La pièce se referme lorsque ces deux partisans de plaisirs charnels savourent du vin rouge empoisonné. Chose inédite sur une scène africaine, le registre des mots exhibe des actes comme « sodomie, masturbation, éjaculation, fellation », autant de vocables qui heurtent la morale. Et à juste titre d’ailleurs, car « je veux provoquer, faire baisser les masques », confie à APA Fargass Assandé, indiquant que « ce sont des choses que nous faisons, mais qu’on a souvent peur d’assumer ». « J’étais en quête d’un texte (…).

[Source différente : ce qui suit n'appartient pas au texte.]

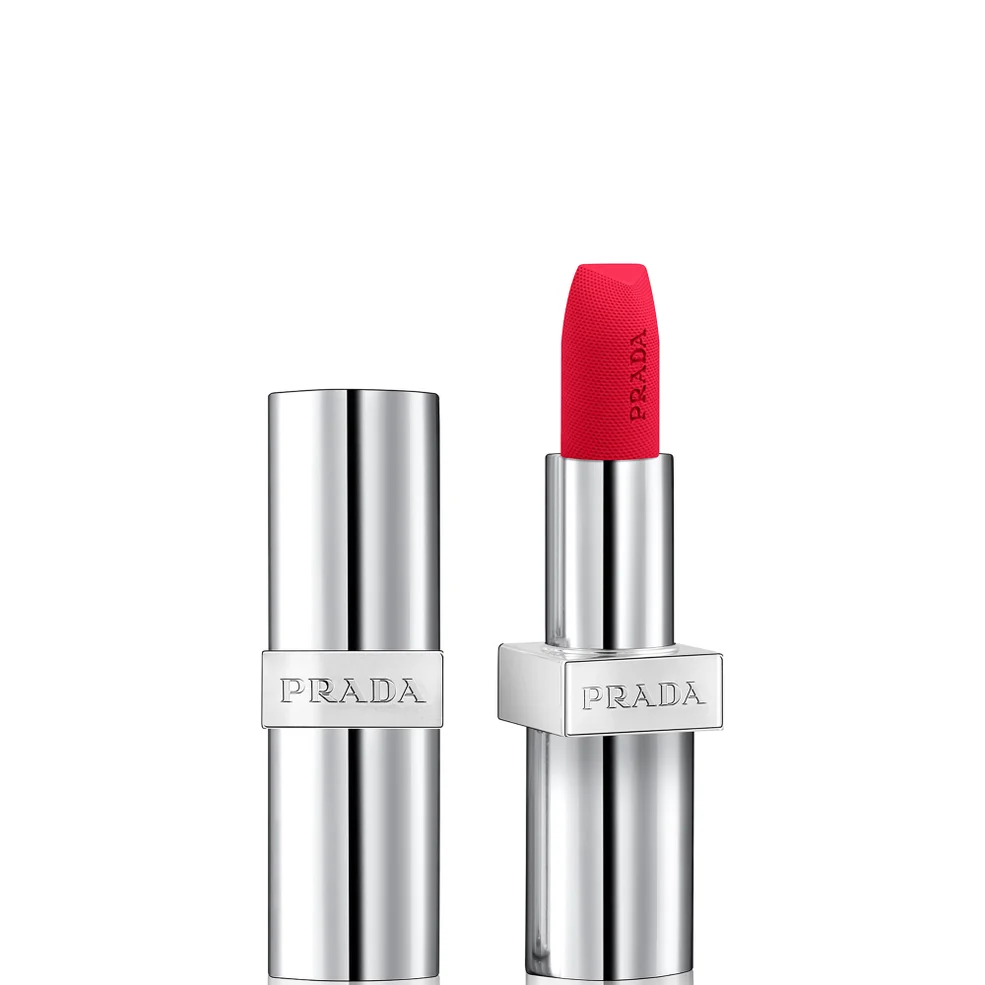Prada Soft Matte Rouge Refillable Lipstick 3.8g (Various Shades) Image 1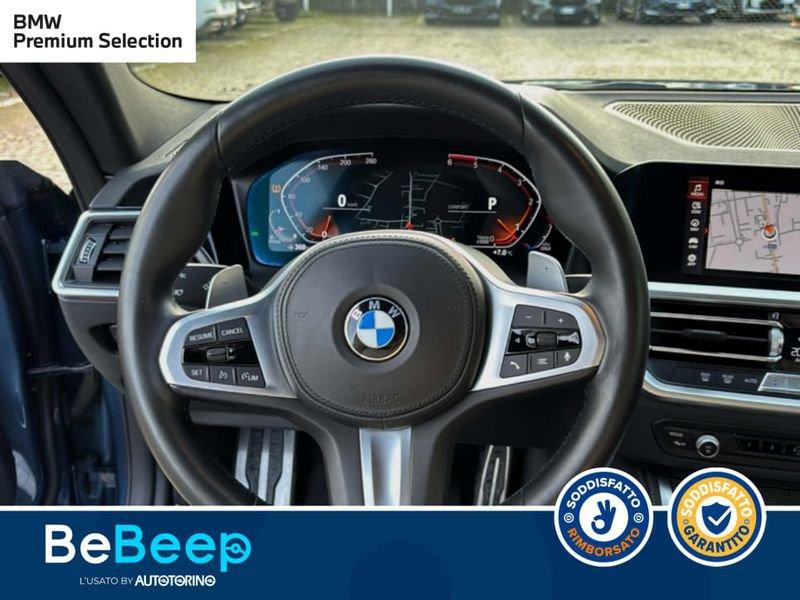 BMW Serie 4 Coupé 430D COUPE MHEV 48V XDRIVE MSPORT AUTO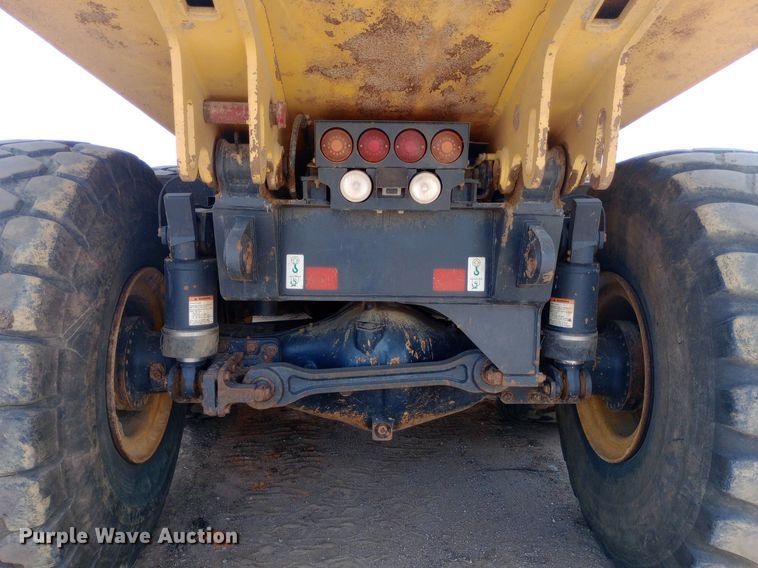 image for item DP1286 2017 Komatsu HM400-5 haul truck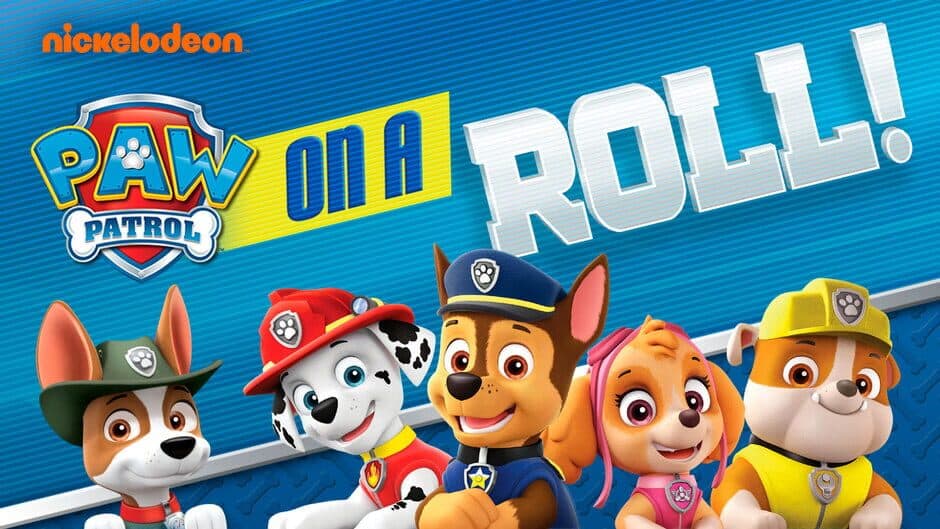 Paw Patrol: On a Roll! banner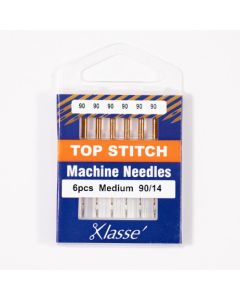 Klasse Topstitch 90/14 Needle 6 Per Pack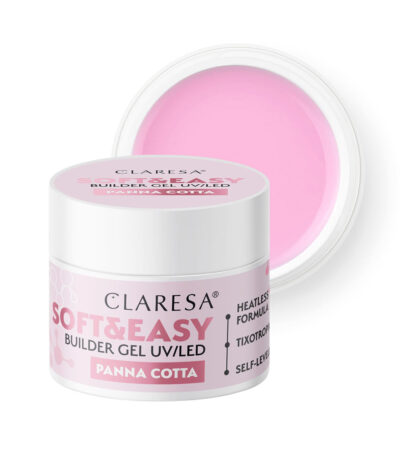 Claresa Soft&Easy Gelaufbau Panna Cotta 45G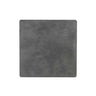 Plateau de table carré 59 cm Horizon panneau stratifié – LAFUMA fusain 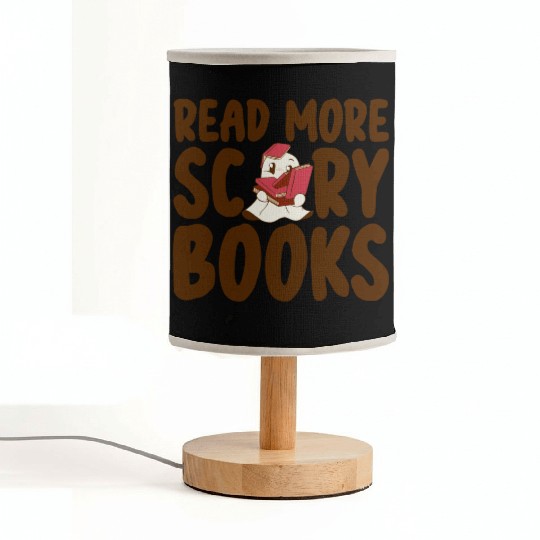 Read More Scary Books 2 Fabric Lamps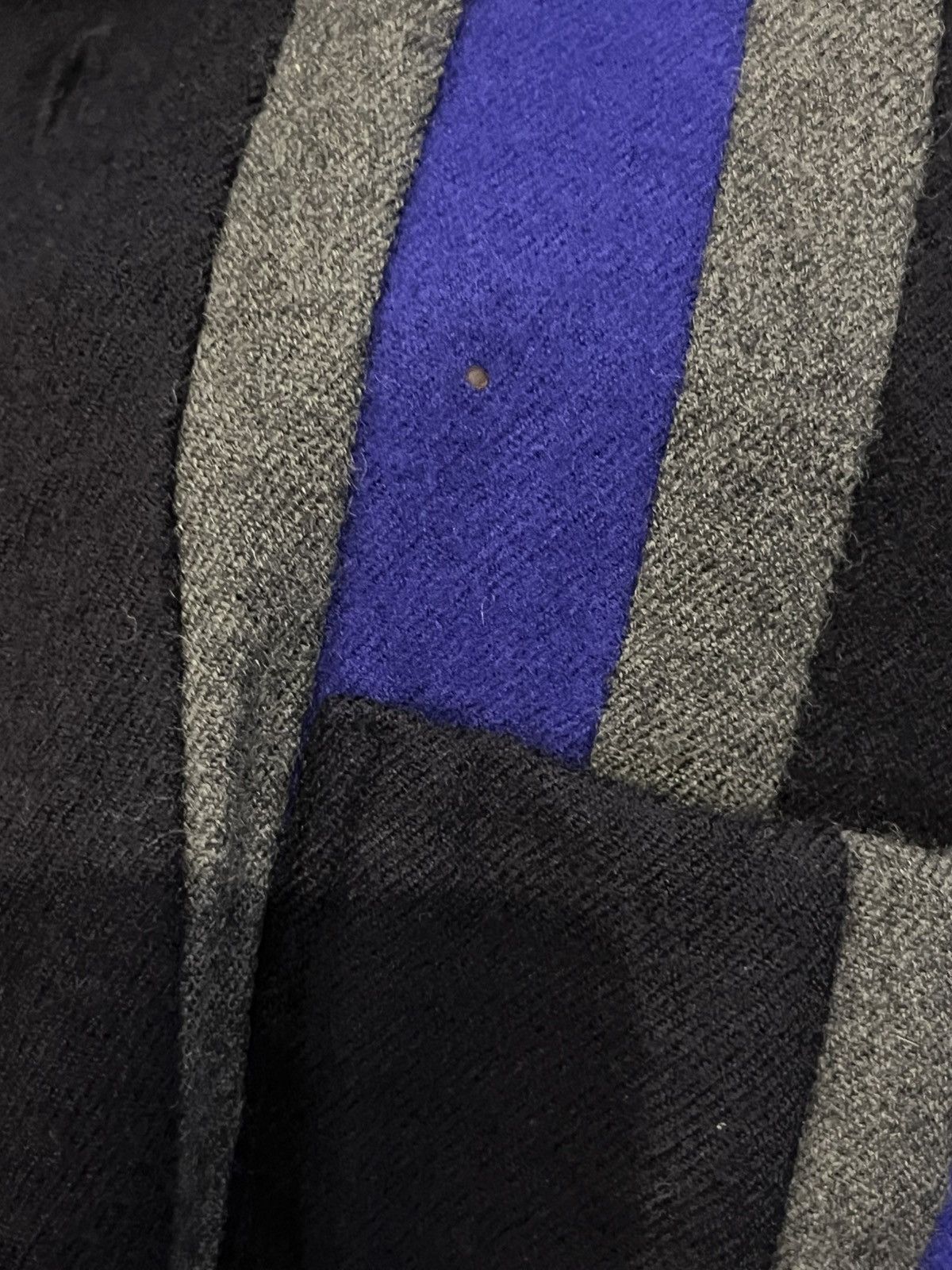Comme des Garcons × Junya Watanabe Vintage 2002 Textured Stripe Overshirt Size US M / EU 48-50 / 2 - 7 Thumbnail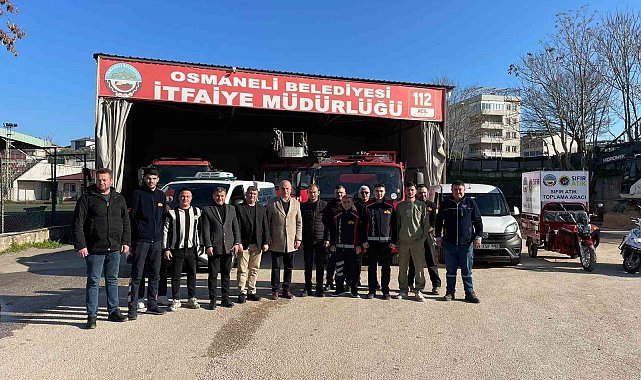 Osmaneli Belediyesi araç filosunu güçlendirdi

En Afrique, le corps est célébré. Le soir, on voit au village ces filles qui dansent, faisant trémousser leurs corps. Miraculeusement, c’est aussi le lieu où le corps est sacralisé, au point d’en faire un tabou inviolable », poursuit le metteur en scène ivoirien. L’adaptation de « Quartett » ne participe pas d’une intention « pernicieuse pornographique », mais plutôt « d’un souci de faire assumer à chacun ce que lui-même fait, mais dont il ne parle jamais », se défend Fargass. Cette pièce, dit-il, est un jeu dramatique, dont la finalité est d’amener le spectateur à se sentir concerné. C’est une satire de la « morale moralisante ».